Whenever a new technology emerges, there is a spectrum of responses.
At one end are the eager innovators — at the other, the unfortunately-named ‘laggards’. In between those extremes sit the majority. It’s such a common pattern that a sociological model has emerged. It’s known as the technology adoption lifecycle.
When it comes to AI adoption in the waste sector, the innovators have stepped forward. We’ve gathered 21 billion waste data points for some of the largest waste management businesses in the world, and they’re already using AI to boost MRF sorting efficiency. By the time the ‘early majority’ arrive, it will be a competitive necessity rather than a distant talking point.
Learning from innovators
Steve Almond, our Head of Partnerships, has twenty years of waste sector experience — and he’s seen this before:
“I faced skepticism with optical sorters fifteen years ago. Now, everyone has dozens.”
The lessons that innovators gather today will inform the next wave, known as ‘early adopters’. With the help of Letsrecycle’s Joshua Doherty, we hosted two such innovators from Viridor and SUEZ to explore the results of AI deployment, what made them take the leap, and why their peers shouldn’t hesitate to do the same.
A waste sector to meet modern challenges
What drives such well-established organisations to adopt new technology? While traditional processes may be working, they don’t necessarily meet evolving demands. For Mustafa Azimy, a Production Processing Engineer at SUEZ, long-standing inefficiencies require new solutions:
“There’s not a day I don’t see an opportunity to do something different, or better. The waste sector could be as advanced as something like the automotive industry, but we’re not yet there as a group.”
Technical Managers like Viridor’s Miguel Rosa also face new hurdles to recycling that existing technology can’t fully address:
“Fifteen years ago we adopted near-infrared (NIR) technology, the best tech at the time. Requirements have now changed, particularly when it comes to distinguishing between food and non-food grade material.
AI bridges the gap that NIR can’t, and tells us what waste objects were used for.

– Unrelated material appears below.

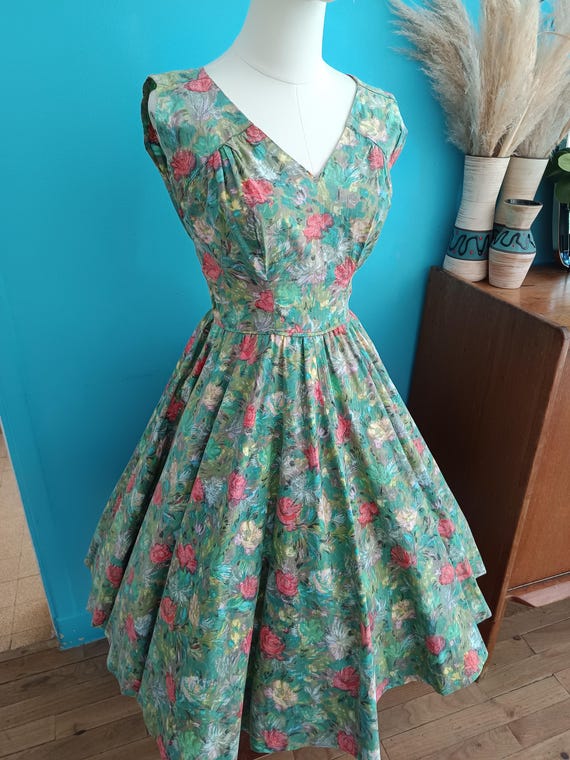 1950s Betsy Blooming Bliss Dress / Vintage 50s Co… - image 8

It completely expands what we can do in terms of sorting.”
The results of deployment
At Viridor, innovation has already paid off by revolutionising their understanding of waste composition:
“Everyone in the recycling industry has done a million composition trials. With this system, it’s like we have a 24/7 sampling system. Senior leadership can then make decisions based on data.”
At SUEZ, where our monitors track objects on outfeed lines, AI has answered a crucial commercial question:
“With data gathered throughout the day, it’s possible to make informed commercial decisions. We can better understand what we’re sending to customers, and decide who our most valuable suppliers are.”
New technology won’t undermine existing tools
AI’s ability to fill data gaps doesn’t mean abandoning expensive infrastructure. As Steve notes, the best technologies increase the value of existing investments:
“There’s always a place for robotics, and there are countless optical sorters that do a fantastic job. AI will always be complementary to things like NIR — by integrating computer vision, we can improve the success rate of existing machinery.”
Miguel offered his perspective as a Technical Manager at a PRF:
“There’s isn’t a single machine that’s right for every application. The recognition technology is now here, and with increased computing power there will only be more we can identify.”
The waste data gathered through AI-powered monitoring units isn’t locked in the AI platform. Through open APIs, it can integrate with NIR to provide a fuller picture of polymer and object type, and with robotic sorters to increase the accuracy of mechanical sorting.
In short, it boosts your infrastructure’s IQ.
Why innovators benefit from early adoption
The first wave of adoption is well underway, and innovators are already benefiting from their enthusiasm.
The previously unavailable information that AI provides can surface opportunities for improvement that weren’t even front-of-mind, allowing waste professionals like Mustafa to seek solutions well before competitors. Here’s how he thinks others should dive in:
“Try it for yourself, and find your specific application for AI. For us, it’s been really interesting to track variation in quality and volume throughout the day. It allows you to take a proactive approach to staffing and operations, and plan ahead.”
With the help of AI, innovators can also position themselves as leaders of wider industry change. Miguel sees the technology’s potential to expedite waste sector collaboration:
“Don’t be afraid of the technology. People don’t like change and disruption, but try it, and you’ll see the benefits. We keep data for ourselves at the moment, but there’s big potential for a platform where everyone can report in the same way, with compatible data.”
In short, you’ll learn a lot just by trying new solutions. Technology like AI has the potential to transform entire industries, but it starts with learning how it applies to your individual facility or business. Join that process early, and you’ll have the opportunity to shape its evolution.